As soon as the line containing "2023 New Toddler" appears, start repeating lines exactly and continue to the end of the entries; please skip pictures.
START Data extract
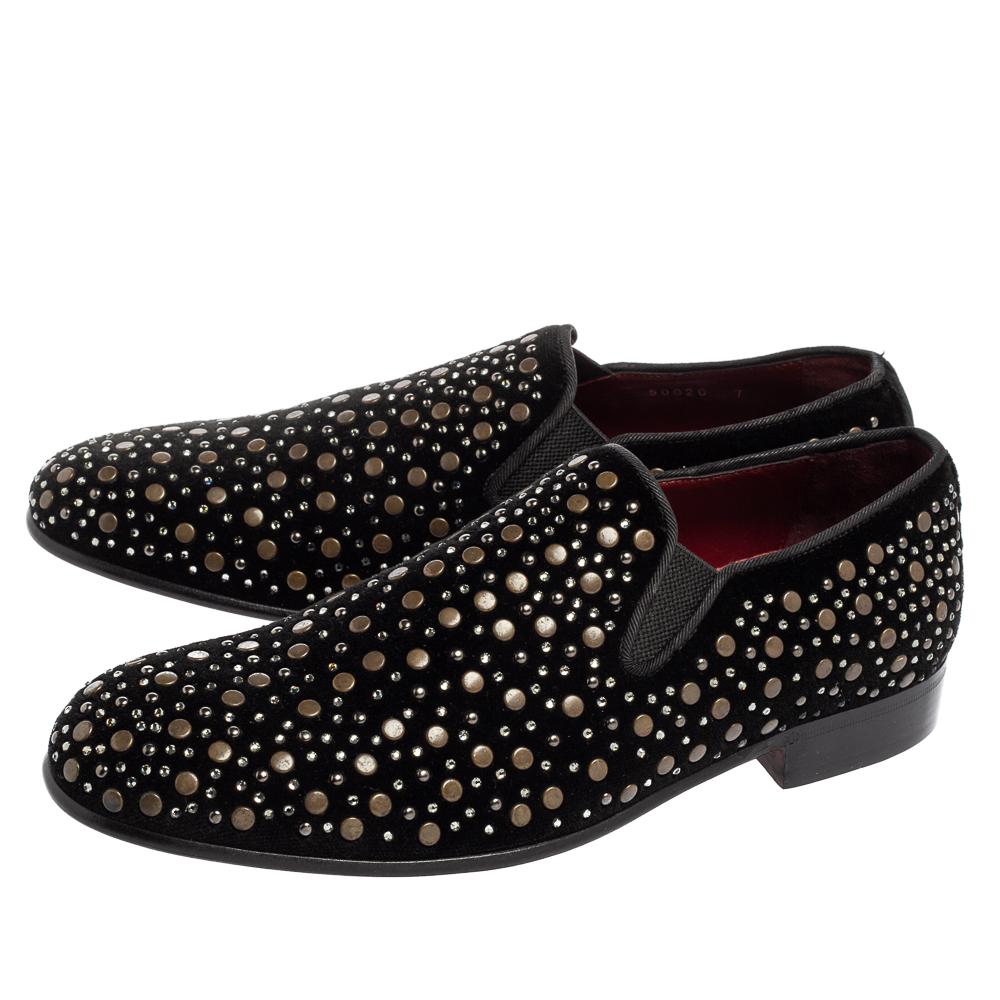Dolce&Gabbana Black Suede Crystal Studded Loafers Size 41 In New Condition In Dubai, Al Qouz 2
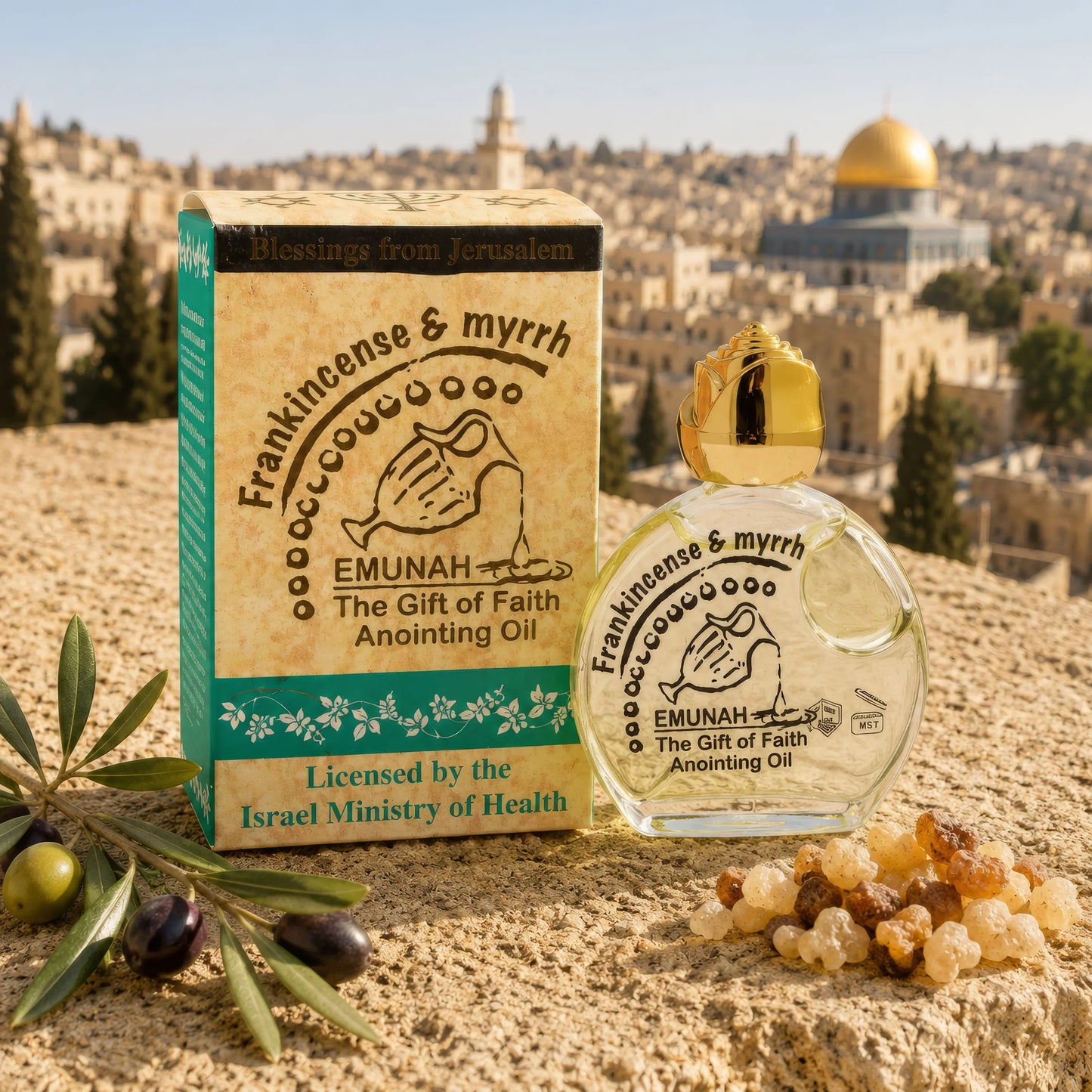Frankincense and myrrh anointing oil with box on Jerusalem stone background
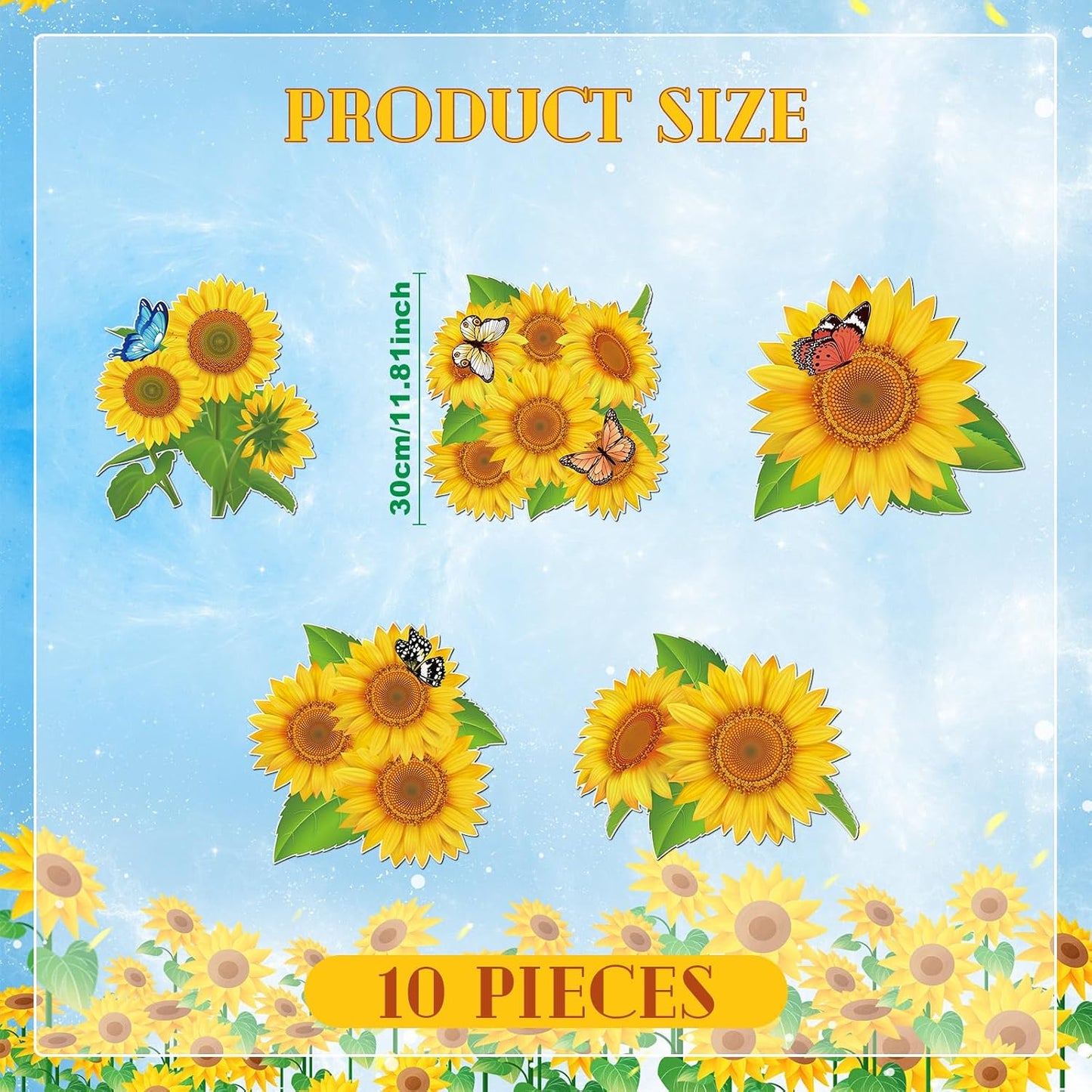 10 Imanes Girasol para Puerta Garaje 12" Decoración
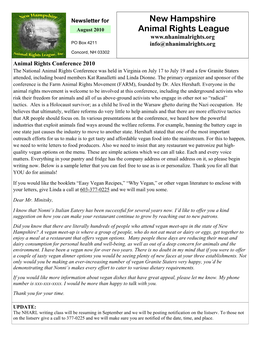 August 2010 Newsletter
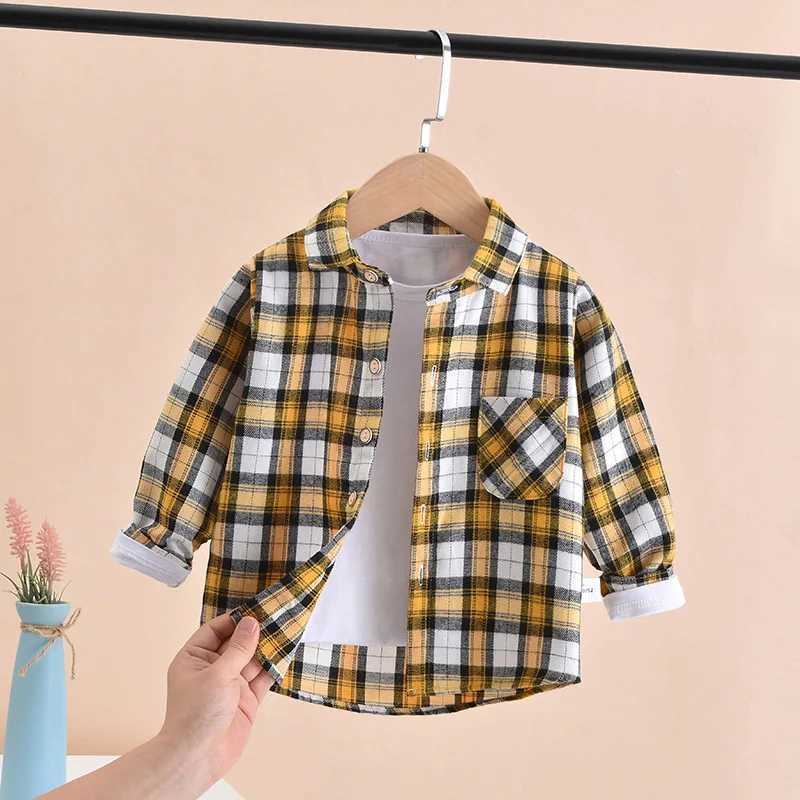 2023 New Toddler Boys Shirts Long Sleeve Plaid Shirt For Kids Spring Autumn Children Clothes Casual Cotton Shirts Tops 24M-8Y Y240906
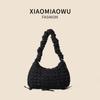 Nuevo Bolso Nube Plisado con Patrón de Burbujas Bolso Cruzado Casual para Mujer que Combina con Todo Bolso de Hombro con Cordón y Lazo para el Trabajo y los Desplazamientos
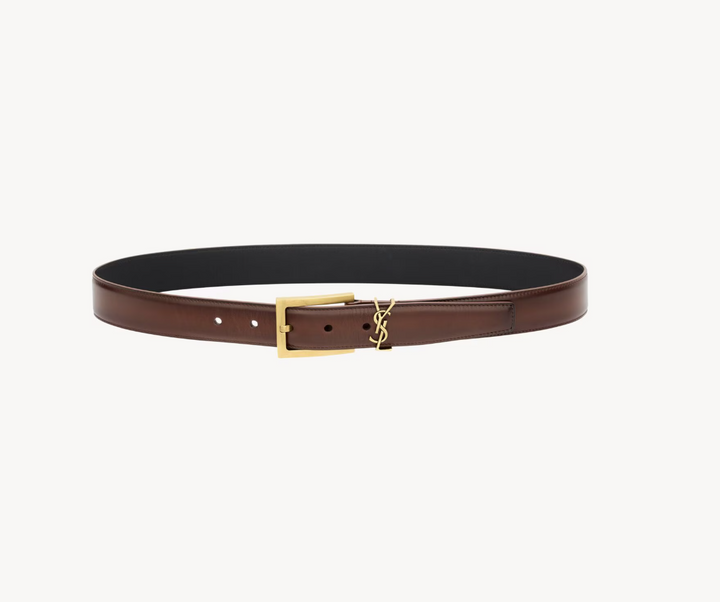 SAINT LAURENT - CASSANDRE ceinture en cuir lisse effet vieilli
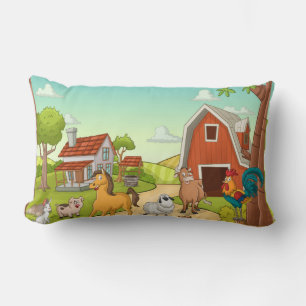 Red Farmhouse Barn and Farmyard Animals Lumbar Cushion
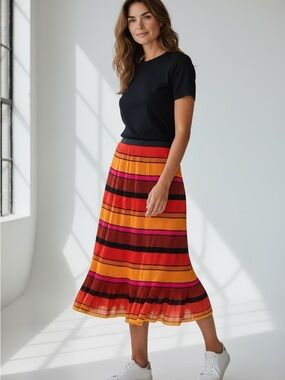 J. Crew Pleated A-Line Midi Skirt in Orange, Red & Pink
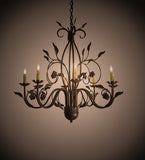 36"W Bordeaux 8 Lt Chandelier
END Data extract
__Answer section__
 2023 New Toddler Boys Shirts Long Sleeve Plaid Shirt For Kids Spring Autumn Children Clothes Casual Cotton Shirts Tops 24M-8Y Y240906
 Nuevo Bolso Nube Plisado con Patrón de Burbujas Bolso Cruzado Casual para Mujer que Combina con Todo Bolso de Hombro con Cordón y Lazo para el Trabajo y los Desplazamientos
 SAINT LAURENT - CASSANDRE ceinture en cuir lisse effet vieilli
 Red Farmhouse Barn and Farmyard Animals Lumbar Cushion
 J. Crew Pleated A-Line Midi Skirt in Orange, Red & Pink
 36"W Bordeaux 8 Lt Chandelier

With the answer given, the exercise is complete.